Du côté des matériels de compensation, le sourd n'est pas, non plus, très bien loti, et ce, malgré des progrès techniques évidents. « La machine à entendre n'a pas encore été inventée, lance Geneviève Joly, directrice adjointe à la direction des méthodes de l'Agefiph. Fort heureusement, les nouvelles technologies, et notamment le courrier électronique, ont sensiblement amélioré leur confort de travail. » « Internet a sauvé ma vie professionnelle », reconnaît Gilles Quagliaro. Mais les NTIC sont d'une aide limitée pour les sourds profonds. « Cette population est doublement pénalisée car elle maîtrise très mal la langue française », explique Geneviève Joly.

Autre difficulté, concernant, cette fois, les DRH ou les responsables de mission insertion : convaincre des managers pusillanimes peu enclins à accueillir ces personnels. « Les managers qui n'ont pas eu l'habitude de côtoyer des personnes handicapées au cours de leur vie ont parfois des préjugés face à l'embauche. Notre travail consiste justement à leur démontrer qu'à compétences égales, le salarié handicapé apporte quelque chose en plus. Mais, reconnaissons-le, nous sommes parfois contraints de faire de la discrimination positive », affirme Jean-Jacques Quinery, d'IBM France.

Procédures d'accueil

Les entreprises les plus en avance sur l'intégration des malentendants ont mis au point des procédures d'accueil. « Au moment de son embauche, relate Roselyne Duchesne-Levesque, en charge du recrutement des personnes handicapées au sein de la DRH du groupe Thales, nous procédons avec la personne à une check list des problèmes à traiter. Il est, par exemple, évident que ces personnes ne peuvent pas travailler dans des open spaces. »
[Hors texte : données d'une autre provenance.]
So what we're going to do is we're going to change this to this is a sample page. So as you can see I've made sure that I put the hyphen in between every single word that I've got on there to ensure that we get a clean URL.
Chez Air France, dès qu'une personne malentendante est recrutée, un organisme spécialisé intervient en milieu de travail afin de parfaire l'intégration. « Les collègues apprennent alors quelques astuces pour mieux communiquer avec elle », explique Caroline Millous. IBM, de son côté, forme à la langue des signes les managers qui lui en font la demande. L'enjeu de ces démarches ? Le maintien dans l'emploi de ces salariés. « Dans une étude réalisée en 1995 sur la prime à l'embauche, nous nous sommes aperçus que, parmi les handicapés, les sourds étaient ceux qui restaient le plus longtemps dans leur emploi, notamment parce qu'ils ont peu de problèmes de santé », souligne Geneviève Joly. Reste que, dans certaines entreprises, ces salariés sont les premiers à partir lors des restructurations et des plans de départs en retraite anticipée.
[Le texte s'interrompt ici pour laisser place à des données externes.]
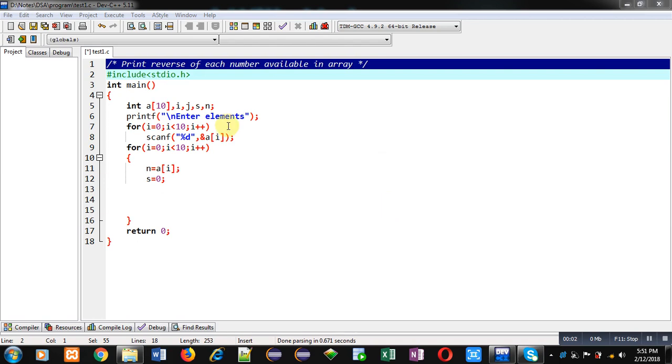Hello friends, I am Sanjay Gupta. In this video I am going to demonstrate how you can print reverse of each number which is available in array.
A lire : Le Guide des aides techniques pour les malentendants et les sourds, Jérôme Goust, Collection Néret, 2003 (2e édition).

L'essentiel

1 Méconnue, la surdité est aussi un handicap caché dans l'entreprise. D'où la difficulté pour les employeurs de mettre en place des dispositifs d'insertion.

2 Au niveau national, il n'existe aucun chiffre officiel sur le nombre de salariés déficients auditifs. Certaines estimations évoquent la fourchette de 2 à 2,5 millions de personnes.

3 Malgré les freins à l'insertion de ces travailleurs handicapés, certaines entreprises ont déployé des politiques d'intégration.

La SNCF traque les risques auditifs

Près de 4 000 salariés étudiés, une vingtaine de catégories d'emploi passées au crible... La SNCF a achevé, au printemps dernier, un gigantesque dépistage interne du risque auditif.

- Les résultats de cette étude, pilotée par Christian Touron, le médecin principal, ont tout d'abord permis à l'entreprise publique de classer ses métiers en fonction du risque d'atteintes audiométriques consécutives à des expositions supérieures à 85 dB (niveau d'exposition ramenée à 8 heures par jour de travail, au-delà duquel on ne doit pas exposer le salarié). Des priorités en matière de prévention du risque bruit ont pu être dégagées, tandis qu'une analyse des conditions de travail des sujets les plus exposés a été lancée.

- Parallèlement, des actions ont été engagées afin de réduire à la source les nuisances sonores. Lesquelles concerneraient, en France, plus de 3 millions de salariés.